Une gestion concertée de l’eau dans un contexte de changement climatique
En plus de leur vocation de production électrique, les aménagements hydroélectriques jouent un rôle important dans de nombreux autres usages de ce bien commun qu’est l’eau. Par exemple, le barrage de Serre-Ponçon dans la région Provence-Alpes-Côte d’Azur et les aménagements de la Durance et du Verdon fournissent l’électricité nécessaire à 2,1 millions de personnes par an, tout en assurant l’approvisionnement en eau potable pour 3 millions de personnes, l’irrigation de 120 000 hectares de terres agricole (EDF tient à disposition de l’agriculture 120 millions de mètres cubes d’eau sur la Durance et 250 millions de mètres cubes d’eau sur le Verdon), l’alimentation de 440 entreprises en eau industrielle, la lutte contre l’impact des crues et enfin le développement de l’offre touristique autour des lacs.
Le lac de Serre-Ponçon représente 40 % de la fréquentation estivale des Hautes-Alpes. Anticipation et concertation sont deux maîtres-mots dans la gestion de la ressource en eau. De l’hiver à la fin de l’été, une gestion prévisionnelle des réservoirs est assurée en fonction des contraintes climatiques de l’année en cours. Pour cela, EDF a développé une surveillance permanente des phénomènes météorologiques et des débits dans les cours d’eau, avec un réseau de 1 100 stations de mesure pour la surveillance et les prévisions hydrométéorologiques. Ce dispositif, complémentaire à celui de Météo-France et des services hydrométriques de l’État, permet de prévoir les débits et les niveaux des cours d’eau, rivières et fleuves sur lesquels sont implantés les barrages et les usines hydroélectriques.

La régulation des inondations et des sécheresses
L’hydraulique, qui derrière ses barrages peut stocker près de 7 milliards de mètres cubes d’eau, a un rôle majeur à jouer dans le contexte de changement climatique. L’épisode de sécheresse en 2022 a démontré le rôle stratégique des barrages dans la gestion concertée de l’eau. En stockant de l’eau durant les périodes pluvieuses, les retenues des barrages permettent ainsi de réduire l’impact de nombreuses crues et sécheresses.

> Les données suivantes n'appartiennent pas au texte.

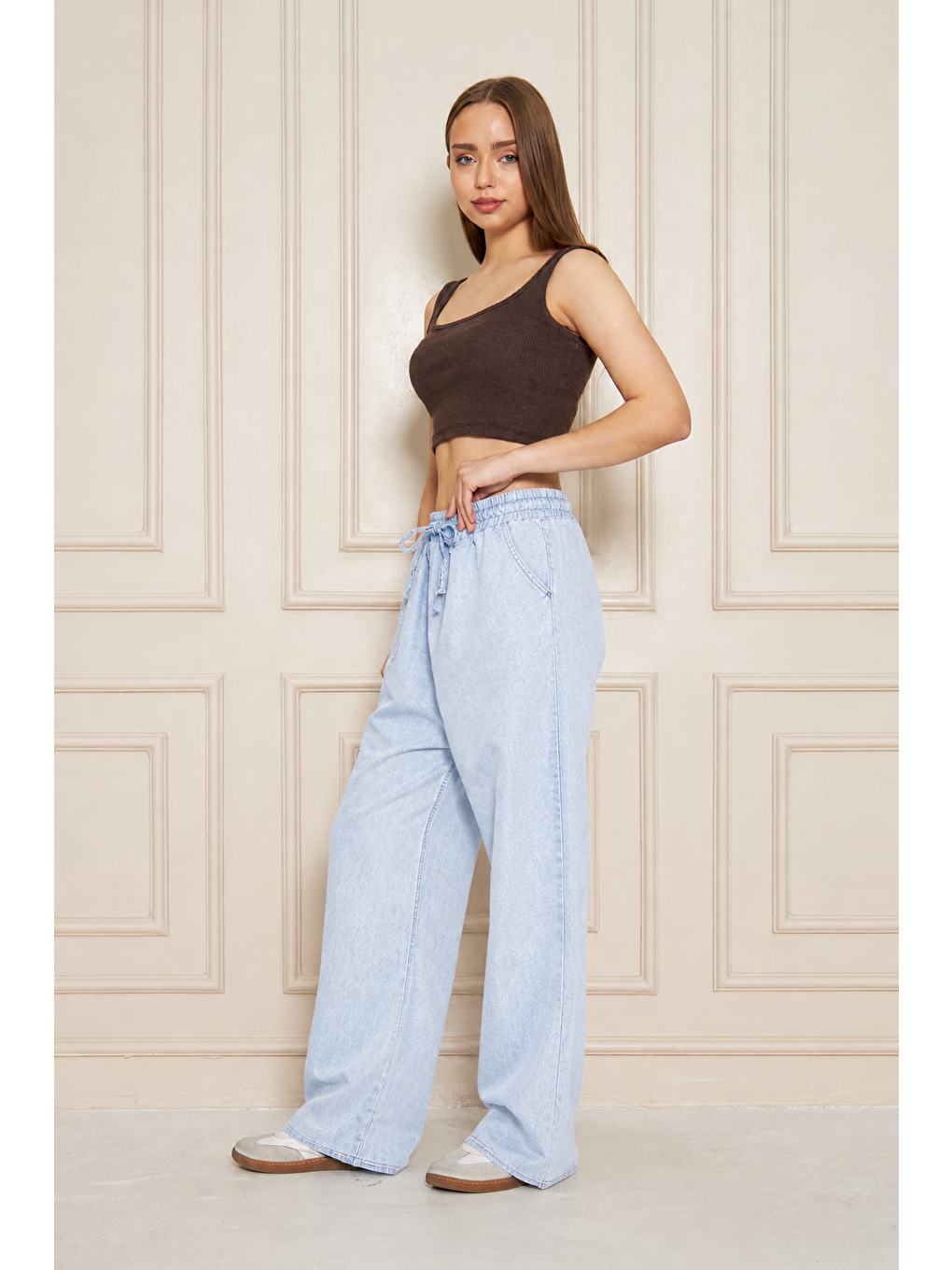 Kadın %100 Pamuklu Bol Paça B.Mavi Baggy Pantolon-2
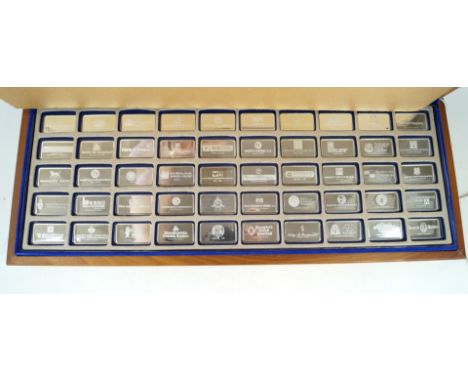 A cased set of the first International bank Ingot collectionIssued by John Pinches in 1975, set comprises 50 silver proof ing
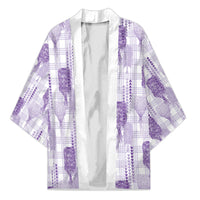 Aloha Hawaii Vintage Kahili Pa'a Lima Kimono Palaka Print Pastel Lavender LT7 Unisex Lavender - Polynesian Pride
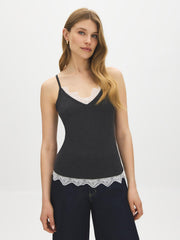 Spaghetti Strap Lace Hem Top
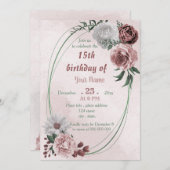 Invitation rose de cannelle blanc fleuri géométrique annivers (Devant / Derrière)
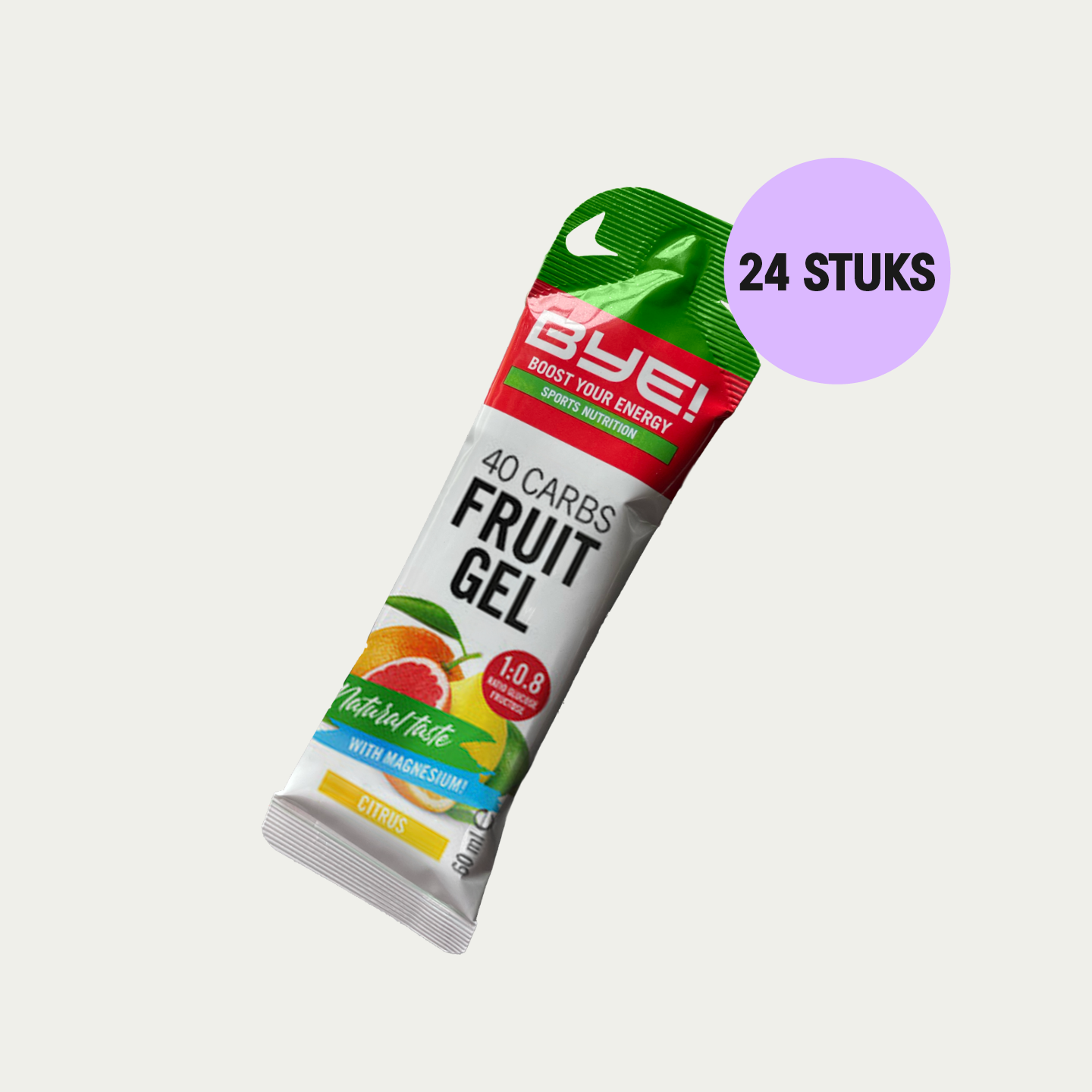Frisse smoothie smaak BYE gel met 40 gram koolhydraten. Populair bij sporters vanwege de structuur en het gemak van innemen.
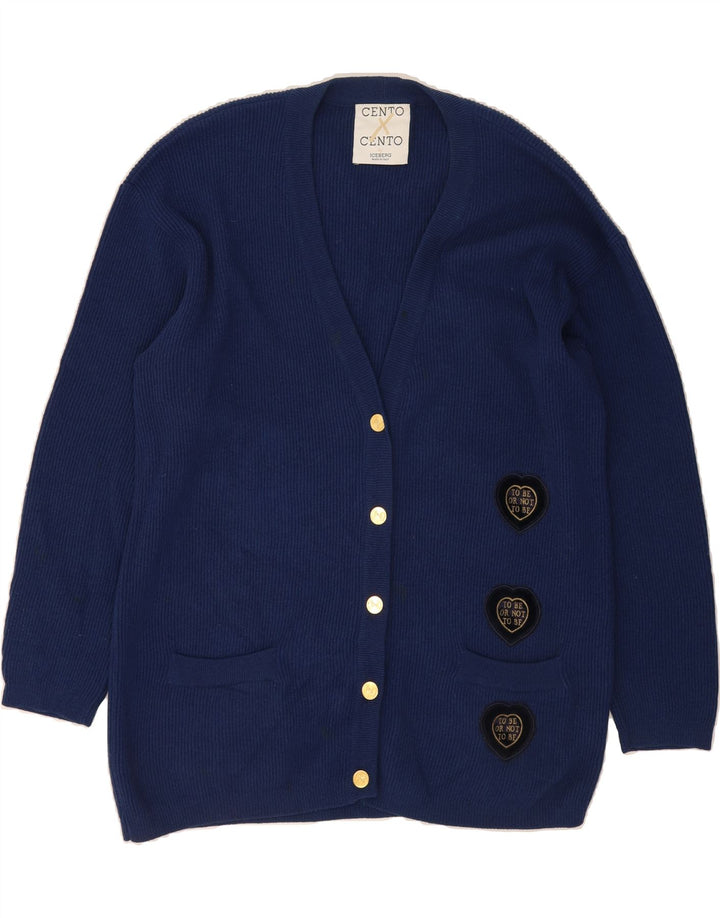ICEBERG Womens Cardigan Sweater UK 16 Large Blue Virgin Wool Vintage Iceberg and Second-Hand Iceberg from Messina Hembry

Ainsi, au plus fort de la sécheresse de l’été 2022, 40 % de l’eau de la Garonne provenait des barrages situés dans les Pyrénées.
Autre exemple : lors des épisodes cévenols de l’automne 2024 en Ardèche et dans le centre de la France, les barrages ont permis de gérer l’impact des crues. Deux illustrations du rôle crucial que jouent ces installations aux côtés des territoires, à l’heure où la question de la gestion de l’eau monte en puissance avec le changement climatique. Un sujet qui nécessite une solide concertation pour prévenir tout conflit d’usage, à l’image par exemple du dialogue permanent sur le territoire Adour-Garonne entre EDF, le président du comité de bassin, les services de l’État, l’agence de l’eau et le Syndicat mixte d’études et d’aménagement de la Garonne. Avec un objectif commun : anticiper la gestion de l’eau pour mieux en cadrer les besoins futurs, en les conciliant avec les besoins de production électrique. Un juste équilibre à trouver et à préserver dans la durée.